The share-based compensation expense related to RSUs and PSUs for the three and six months ended June 30, 2022 was $0.6 million and $1.2 million, respectively. There was no shared-based compensation expense related to RSUs and PSUs for the three and six months ended June 30, 2021. As of June 30, 2022, there was $3.0 million of total unrecognized compensation cost related to unvested RSUs and PSUs.
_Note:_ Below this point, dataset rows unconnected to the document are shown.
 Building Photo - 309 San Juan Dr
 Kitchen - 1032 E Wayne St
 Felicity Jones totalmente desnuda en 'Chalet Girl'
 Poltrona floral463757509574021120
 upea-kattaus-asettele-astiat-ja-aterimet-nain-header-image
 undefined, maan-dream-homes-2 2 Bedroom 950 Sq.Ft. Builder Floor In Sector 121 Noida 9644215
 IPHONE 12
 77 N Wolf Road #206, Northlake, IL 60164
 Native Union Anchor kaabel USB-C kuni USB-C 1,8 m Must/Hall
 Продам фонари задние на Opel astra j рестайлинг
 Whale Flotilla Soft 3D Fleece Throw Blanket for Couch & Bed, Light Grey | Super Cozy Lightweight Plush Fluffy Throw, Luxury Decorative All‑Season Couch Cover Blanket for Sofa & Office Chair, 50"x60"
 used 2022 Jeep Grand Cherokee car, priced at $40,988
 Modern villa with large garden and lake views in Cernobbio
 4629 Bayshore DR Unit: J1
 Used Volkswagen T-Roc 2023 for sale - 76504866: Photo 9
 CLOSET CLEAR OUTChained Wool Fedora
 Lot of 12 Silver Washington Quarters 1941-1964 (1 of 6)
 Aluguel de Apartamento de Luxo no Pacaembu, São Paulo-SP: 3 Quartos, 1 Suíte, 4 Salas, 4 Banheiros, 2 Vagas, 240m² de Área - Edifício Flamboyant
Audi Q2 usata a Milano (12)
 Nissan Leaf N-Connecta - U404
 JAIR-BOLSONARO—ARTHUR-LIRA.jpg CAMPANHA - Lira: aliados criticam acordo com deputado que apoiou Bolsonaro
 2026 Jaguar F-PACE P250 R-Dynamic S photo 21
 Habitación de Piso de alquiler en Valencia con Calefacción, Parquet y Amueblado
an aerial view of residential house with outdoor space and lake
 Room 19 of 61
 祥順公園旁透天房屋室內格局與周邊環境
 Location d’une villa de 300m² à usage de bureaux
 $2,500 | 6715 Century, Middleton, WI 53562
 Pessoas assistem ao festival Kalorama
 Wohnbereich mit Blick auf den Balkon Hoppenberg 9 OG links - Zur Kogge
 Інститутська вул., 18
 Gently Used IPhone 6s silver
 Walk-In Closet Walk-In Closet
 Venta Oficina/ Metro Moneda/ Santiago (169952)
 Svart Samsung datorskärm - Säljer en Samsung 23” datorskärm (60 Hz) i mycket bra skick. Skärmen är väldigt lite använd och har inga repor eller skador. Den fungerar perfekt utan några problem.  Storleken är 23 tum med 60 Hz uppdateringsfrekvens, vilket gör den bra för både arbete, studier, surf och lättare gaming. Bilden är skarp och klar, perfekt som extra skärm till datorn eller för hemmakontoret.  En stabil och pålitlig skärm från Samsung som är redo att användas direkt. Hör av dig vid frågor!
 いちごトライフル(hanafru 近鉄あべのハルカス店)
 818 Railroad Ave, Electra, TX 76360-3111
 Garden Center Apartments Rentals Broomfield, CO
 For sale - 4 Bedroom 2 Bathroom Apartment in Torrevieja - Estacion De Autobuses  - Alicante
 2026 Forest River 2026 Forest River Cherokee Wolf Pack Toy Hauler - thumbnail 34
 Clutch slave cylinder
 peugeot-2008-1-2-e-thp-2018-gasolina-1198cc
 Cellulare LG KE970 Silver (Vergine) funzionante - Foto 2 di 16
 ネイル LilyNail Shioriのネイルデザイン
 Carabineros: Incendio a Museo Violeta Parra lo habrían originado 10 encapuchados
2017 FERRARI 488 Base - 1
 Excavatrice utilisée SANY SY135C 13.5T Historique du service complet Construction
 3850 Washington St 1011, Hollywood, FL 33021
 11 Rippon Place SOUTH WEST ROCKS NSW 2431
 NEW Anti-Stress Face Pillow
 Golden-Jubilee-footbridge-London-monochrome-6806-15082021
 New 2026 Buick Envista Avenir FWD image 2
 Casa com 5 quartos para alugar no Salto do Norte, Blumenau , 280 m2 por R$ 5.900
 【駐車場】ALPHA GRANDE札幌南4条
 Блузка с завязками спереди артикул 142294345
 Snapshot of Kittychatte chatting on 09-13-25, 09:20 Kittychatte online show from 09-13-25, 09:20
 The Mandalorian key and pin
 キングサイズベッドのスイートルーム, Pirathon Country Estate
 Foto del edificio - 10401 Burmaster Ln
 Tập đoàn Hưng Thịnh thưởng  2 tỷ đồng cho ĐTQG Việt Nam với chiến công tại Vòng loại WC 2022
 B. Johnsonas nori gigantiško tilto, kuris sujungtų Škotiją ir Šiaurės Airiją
15. EMPLOYEE BENEFIT PLANS
2014 Employee Stock Purchase Plan
The Company's 2014 Employee Stock Purchase Plan ("2014 ESPP") was adopted by its board of directors in December 2013 and subsequently approved by its stockholders in January 2014. The 2014 ESPP became effective immediately prior to the closing of the Company's IPO in February 2014 and established an initial reserve of 0.2 million shares of the Company's common stock for issuance to participating employees. At the Annual Meeting of the Company's stockholders in May 2021, the Company's stockholders approved an amendment to the 2014 ESPP that increased by 2.3 million the number of shares of common stock reserved for issuance under the 2014 ESPP. The purpose of the 2014 ESPP is to enhance employee interest in the success and progress of the Company by encouraging employee ownership of common stock of the Company. The 2014 ESPP provides employees with the opportunity to purchase shares of common stock at a 15% discount to the market price through payroll deductions or lump sum cash investments. The Company estimates the number of shares to be issued at the end of an offering period and recognizes expense over the requisite service period. Shares of the common stock issued and sold pursuant to the 2014 ESPP are shown on the condensed consolidated statements of changes in stockholders' equity (deficit). As of June 30, 2021,2022, there were 2.3 million shares of common stock available for sale under the 2014 ESPP.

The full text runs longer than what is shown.